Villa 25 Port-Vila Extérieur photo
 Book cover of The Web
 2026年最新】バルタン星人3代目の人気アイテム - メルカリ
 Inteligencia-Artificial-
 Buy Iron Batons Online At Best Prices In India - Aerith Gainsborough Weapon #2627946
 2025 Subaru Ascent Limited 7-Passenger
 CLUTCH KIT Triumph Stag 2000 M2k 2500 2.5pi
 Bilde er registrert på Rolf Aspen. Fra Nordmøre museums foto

____________________

Task statement: Return the entries above exactly as they appear.

Answer to this task:
Villa 25 Port-Vila Extérieur photo
 Book cover of The Web
 2026年最新】バルタン星人3代目の人気アイテム - メルカリ
 Inteligencia-Artificial-
 Buy Iron Batons Online At Best Prices In India - Aerith Gainsborough Weapon #2627946
 2025 Subaru Ascent Limited 7-Passenger
 CLUTCH KIT Triumph Stag 2000 M2k 2500 2.5pi
 Bilde er registrert på Rolf Aspen. Fra Nordmøre museums foto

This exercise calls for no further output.